Ahead of DITO rollout, NSC still unprepared for cybersecurity threats – Hontiveros

Published February 5, 2021, 4:22 PM

by Hannah Torregoza 

The National Security Council (NSC) has yet to submit a concrete plan to counter cybersecurity threats in the country despite the security risks expected once the Dito Telecommunity Corp. commercially starts its roll out next month.

Hontiveros, who has repeatedly aired her concerns on the entry of the third telecommunications company (telco), said the Senate should focus and carefully watch Dito’s developments in the next few months.

Sen. Risa Hontiveros (Senate of the Philippines / FILE PHOTO / MANILA BULLETIN)

“The National Security Council admitted that it had not yet — as of our last hearing on Dito telco’s franchise — established a cyberdefense doctrine to guide our intelligence community in combatting cybersecurity threats,”  Hontiveros said.

“With China having a 40 percent stake in Dito, our unpreparedness for potential cyberthreats does not inspire confidence in the telco’s rollout this March, especially since it continues to harass our fisher folk and refuses to have its vessels boarded within our territorial waters in the West Philippine Sea,” she said.

Hontiveros is among the senators who frowned on Dito’s agreement with the Armed Forces of the Philippines (AFP) to install cell towers in military camps.

She said the move could open the defense establishment to the risk of hostile intelligence gathering operations.

“I do hope that before Dito rolls out, we in the Senate can scrutinize the potential national risks further,” the lawmaker stressed.
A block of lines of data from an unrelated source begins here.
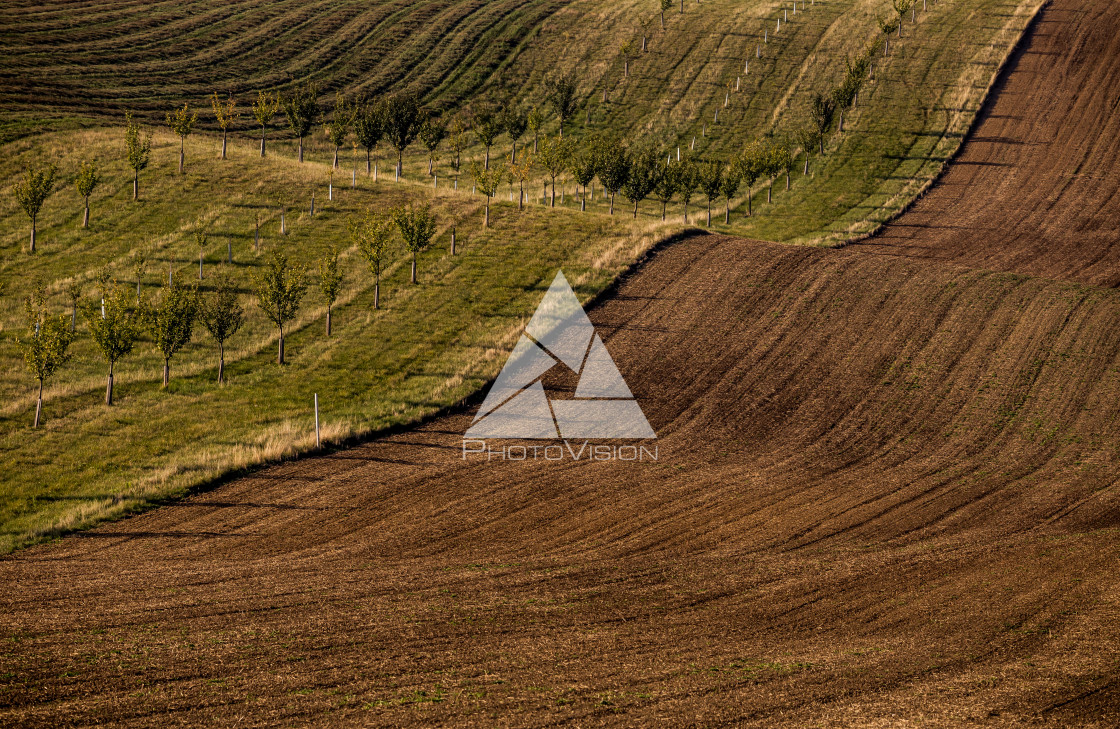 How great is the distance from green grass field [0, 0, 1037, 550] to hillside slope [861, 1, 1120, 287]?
2836 mm

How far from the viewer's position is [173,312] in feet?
117

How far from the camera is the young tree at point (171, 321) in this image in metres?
35.6

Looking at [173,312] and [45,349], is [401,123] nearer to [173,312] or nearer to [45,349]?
[173,312]

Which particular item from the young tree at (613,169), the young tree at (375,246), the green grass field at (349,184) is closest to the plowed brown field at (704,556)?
the green grass field at (349,184)

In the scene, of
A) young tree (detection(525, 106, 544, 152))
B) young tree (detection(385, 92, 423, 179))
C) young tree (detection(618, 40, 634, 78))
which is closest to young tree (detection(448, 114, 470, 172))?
young tree (detection(385, 92, 423, 179))

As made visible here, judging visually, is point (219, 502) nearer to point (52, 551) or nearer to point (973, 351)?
point (52, 551)

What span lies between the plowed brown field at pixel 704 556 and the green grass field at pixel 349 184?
505 centimetres

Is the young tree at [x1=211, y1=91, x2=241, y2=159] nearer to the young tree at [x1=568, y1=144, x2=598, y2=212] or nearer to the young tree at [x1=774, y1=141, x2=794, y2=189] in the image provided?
the young tree at [x1=568, y1=144, x2=598, y2=212]

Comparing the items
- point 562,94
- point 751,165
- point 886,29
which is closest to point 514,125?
point 562,94

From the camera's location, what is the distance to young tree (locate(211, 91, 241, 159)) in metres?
63.3

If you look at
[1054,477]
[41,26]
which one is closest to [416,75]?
[41,26]

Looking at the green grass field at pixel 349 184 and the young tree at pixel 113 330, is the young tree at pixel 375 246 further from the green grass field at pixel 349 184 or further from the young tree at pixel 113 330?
the young tree at pixel 113 330

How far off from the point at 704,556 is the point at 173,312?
24926 millimetres

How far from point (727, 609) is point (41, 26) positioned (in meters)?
95.5
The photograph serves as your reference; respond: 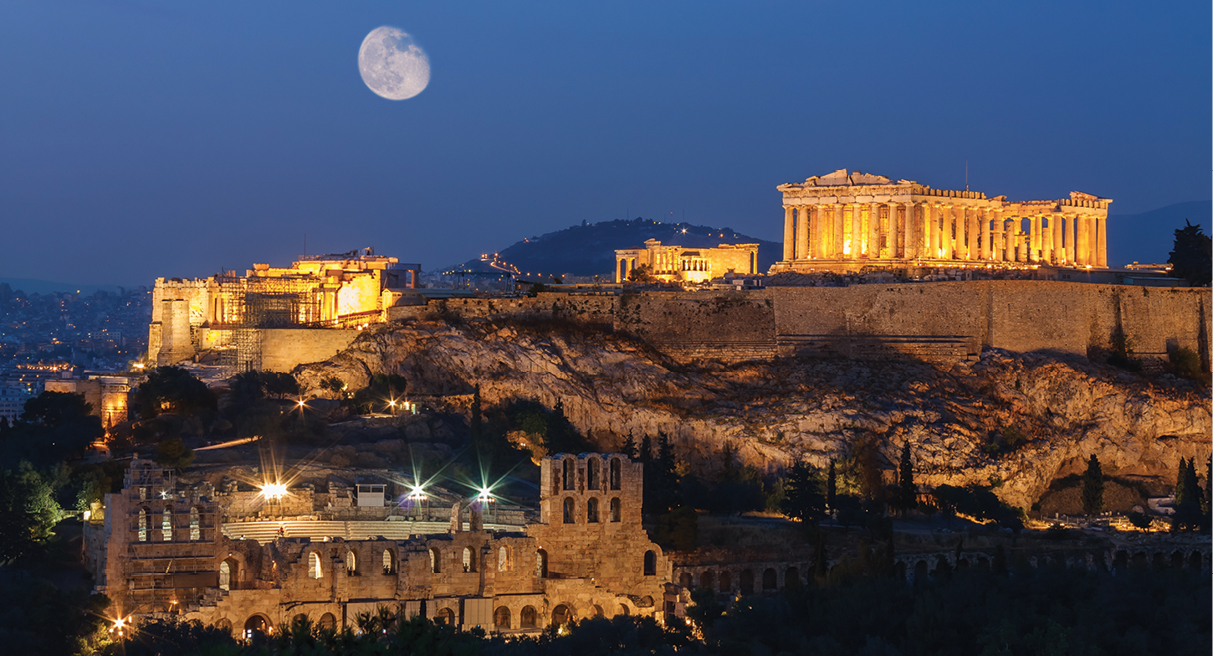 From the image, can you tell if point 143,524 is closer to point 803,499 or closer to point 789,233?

The Senate Foreign Relations Committee on Thursday, Feb. 4 held a closed door meeting to discuss the new China Coast Guard Law and other Chinese activities in the West Philippine Sea.

Among the issues tackled by Sen. Aquilino Pimentel III’s panel is Hontiveros’ resolution calling on the Executive department to exert all legal and diplomatic pressures on the Chinese government to stop all destructive activities in the contested waters.

Sen. Grace Poe, who chairs the Senate public services, had also expressed her dismay at the  Department of Information and Communications Technology (DICT) and the NSC’s failure to assure the Philippines’ ability to combat the raging cybersecurity warfare.

Poe also questioned Dito’s preparedness to fulfill its commitment to deliver their services and to fund its project over the first five years of their operation.